Ein allgemeines Hitzefrei gibt es nicht – doch ab 30 Grad muss der Arbeitgeber handeln.

Arbeitnehmer dürfen ihren Arbeitsplatz auch bei großer Hitze grundsätzlich nicht eigenmächtig verlassen. Ein allgemeiner gesetzlicher Anspruch auf Hitzefrei besteht nicht.

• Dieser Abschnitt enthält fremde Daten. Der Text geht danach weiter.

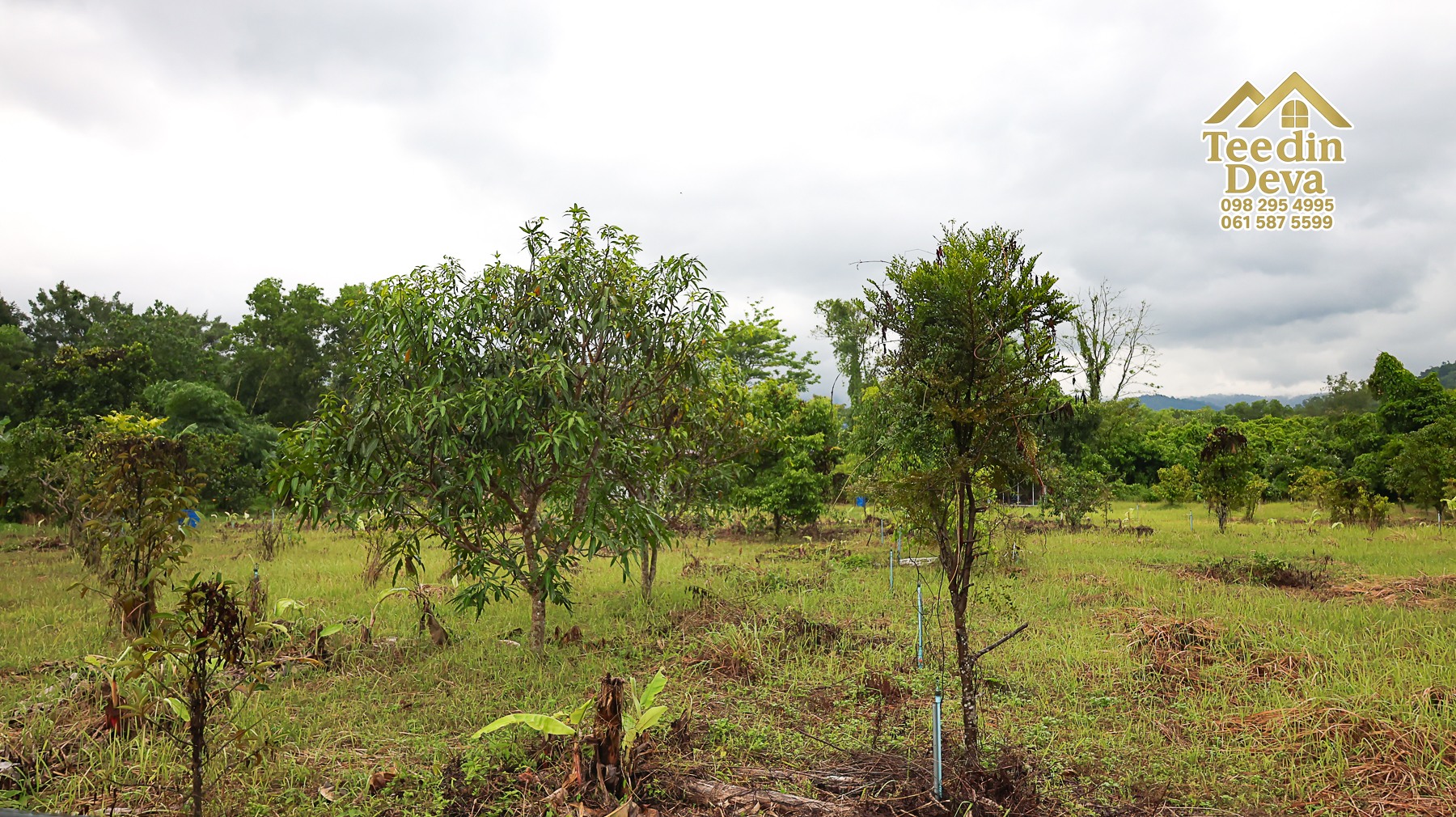 🌤 วิวภูเขาโอบล้อม ความสงบโอบใจ... ที่ดินสวนผลไม้ 120 ตร.ว. ต.หินตั้ง อ.เมือง จ.นครนายก 💛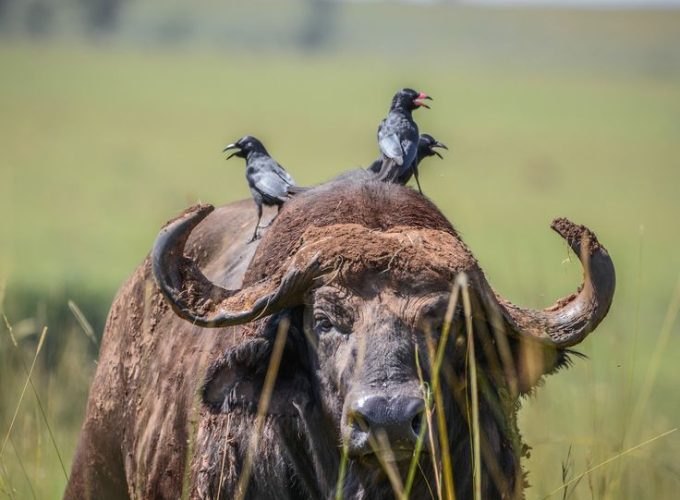 3 DAYS MURCHISON FALLS NATIONAL PARK. The unmatched safari template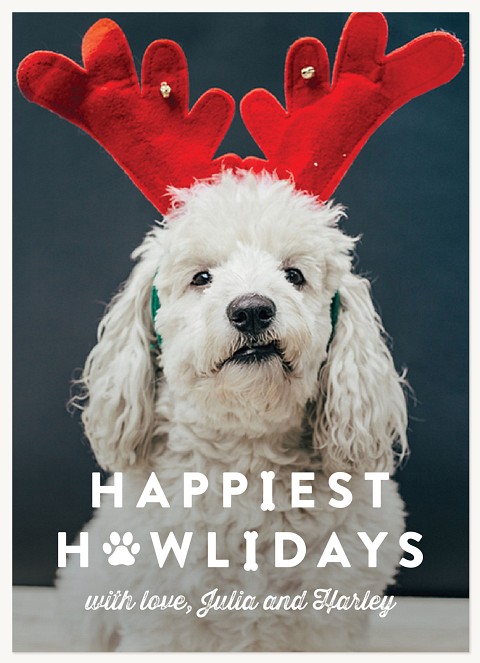 Howl-i-days Photo Holiday Cards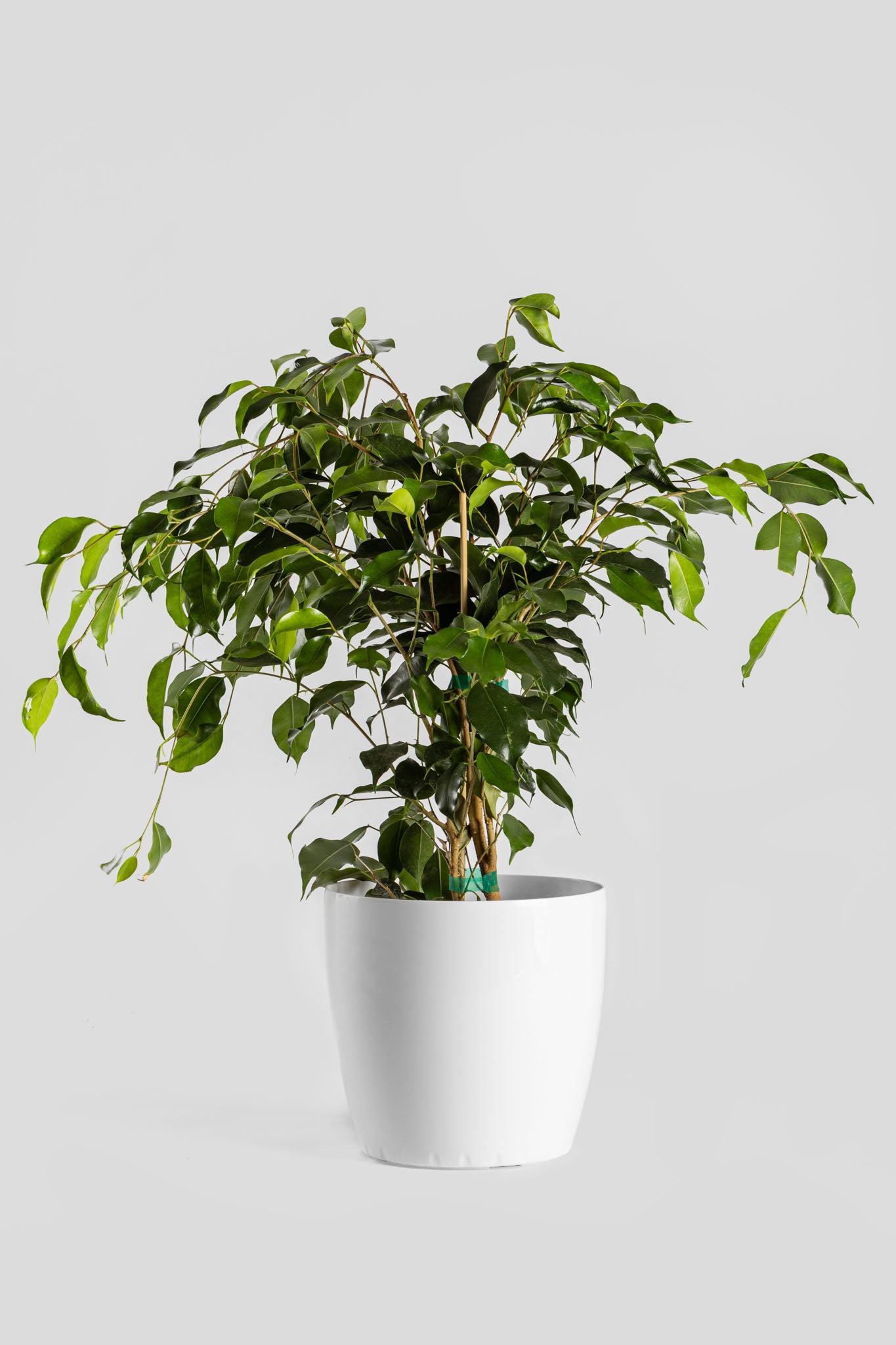 Φίκος Μπέντζαμιν 70cm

Arbeitgeber sind jedoch verpflichtet, die Gesundheit ihrer Beschäftigten zu schützen. Grundlage dafür sind unter anderem das Arbeitsschutzgesetz, die Arbeitsstättenverordnung und die Technische Regel für Arbeitsstätten ASR A3.5.

Im Rahmen der Gefährdungsbeurteilung muss der Arbeitgeber prüfen, wie stark Beschäftigte durch hohe Temperaturen belastet werden. Dabei spielen neben der Raumtemperatur auch Sonneneinstrahlung, körperliche Arbeit, Schutzkleidung und gesundheitliche Risiken eine Rolle.

Was gilt bei 26, 30 und 35 Grad?

Steigt die Temperatur im Arbeitsraum auf mehr als 26 Grad Celsius, soll der Arbeitgeber geeignete Maßnahmen prüfen. Besonders wichtig ist dies bei Schwangeren, älteren Beschäftigten, Menschen mit Vorerkrankungen und körperlich belastenden Tätigkeiten.

Bei mehr als 30 Grad muss der Arbeitgeber handeln. Möglich sind etwa ein besserer Sonnenschutz, Lüften in den kühlen Morgenstunden, das Abschalten unnötiger Wärmequellen, zusätzliche Pausen, geänderte Arbeitszeiten oder ein Wechsel in kühlere Räume.

Überschreitet die Lufttemperatur 35 Grad, ist der Raum ohne besondere Schutzmaßnahmen grundsätzlich nicht mehr als normaler Arbeitsraum geeignet. Der Arbeitgeber muss dann einen anderen Arbeitsplatz anbieten oder besondere Vorkehrungen treffen.

Ein automatisches Recht, nach Hause zu gehen, entsteht jedoch bei keiner dieser Temperaturgrenzen.

Besteht Anspruch auf Klimaanlage oder Getränke?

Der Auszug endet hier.